Classification Of Embroidery
The technique of embroidery can be classified on the basis of designs and fabric it is stitched upon. The free embroidery design can be applied anywhere, regardless of the fabric. The examples of this technique include Japanese, Chinese and crewel stitch.
The counted-thread embroidery pattern is developed by creating the stitches over a defined number of threads in the fabric foundation. The counted-thread technique works the best on fabric like aida, canvas, cotton and linen. These techniques are also named as needlepoint and black work embroidery.
History Of Embroidery
The origin of this beautiful handicraft can be traced back to the Cro-Magnon period of 30,000 BC. An archeological find discovered the remains of decorated clothing, hat and boots. Around 5000 BC in Siberia the yarn decorated shells that were stitched with animal hides were found. The thread embroidery of Chinese tradition can be traced back to the 3500 BC, of images that depict decorative clothing with precious stones, pearls and silk thread. The example of Chain stitch, which is a Chinese technique can be found dating back to the Warring States period.
The needlework art is believed to come from Middle East. The primitive human kind was quick in establishing stitches used to connect together animal skins and used for embellishments. The history of sculptures, vases and paintings depicts how ancient civilization wore the embroidered clothes.
Embroidery was also used on household clothing, religious objects and other household items like bed sheets, curtains, vases holders and more. It was also a mark of class differentiation where the elite culture of India, China, Persia, Byzantium, Japan and Baroque Europe enjoyed the trend of embroidered clothes. The guilds and professional workshops started in the Medieval England. These workshops were often called the English work. The manufacturer of the first embroidery machine was St. Gallen from Switzerland who introduced it in the 19th century.
The process of embroidery used to patch, mend tailor and reinforce the cloth with all its decorative possibilities. The sewing technique initially led to this craft of embroidery. Detailed freehand stitched thread design started to mix between the age of machine work when the wool-work and needlework of Berlin appeared. The Berlin wool-work embroidery became popular in no time. The introduction of printed color patterns for the need of calculating stitches became popular. The freehand embroidery introduced new techniques like using beads and ribbons in the 1800s.

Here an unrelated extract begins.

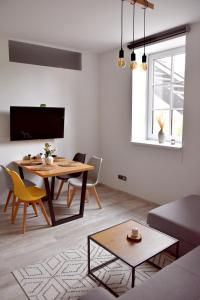 a living room with a table and a couch at Apartmány Ve stodole in Roudnice nad Labem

In the canvas work, the threads were stitched with a fabric mesh to develop dense patterns which completely covered the fabric foundation. The traditional canvas work like Bergello is a thread technique. Ever since 19th century, the hand painted and printed canvases were used as the guide to place the location of thread and colors. It eliminated the stress of counting threads. It was more suited to the pictorial designs rather than more geometrical designs, the craze of which began in the early 19th century.
In the drawn cut-work and thread work, the fabric foundation is cut way and deformed to develop holes which are them decorated with embroidery. Mostly with the same color of thread as that of the foundation fabric. This technique is the forerunner of needle lace. It is developed from white thread and is applied on white cotton or linen. This art work is referred as white work.

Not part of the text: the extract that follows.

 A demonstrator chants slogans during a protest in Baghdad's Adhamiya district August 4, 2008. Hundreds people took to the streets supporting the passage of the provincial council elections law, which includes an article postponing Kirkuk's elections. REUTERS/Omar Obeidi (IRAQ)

Embroidery artisans continued to practice this craft in the 19th century. Many artisans revived this art instead of developing new designs and methods. Slowly, the quality and standard of the designs started to decline because of the new trend of modern machines and mass production of sample designs. The 19tth century is also thought as the period in which women started to work outside their homes. Domestic crafts started to decline and ready-made costumes became much more popular. The machine appeal took over and the hand crafted start decreasing.
Sample patterns were replaced with multiple other free hand techniques. During this period, the samples followed a picture and a rhyme to decorate fabric.
The traditional embroidery today can only be traced in some few Asian countries, as otherwise the technique has been replaced by machine made work that is faster, more pattern oriented than motif oriented. You may have to travel long way in the rural settings to find the artisans of traditional embroidery.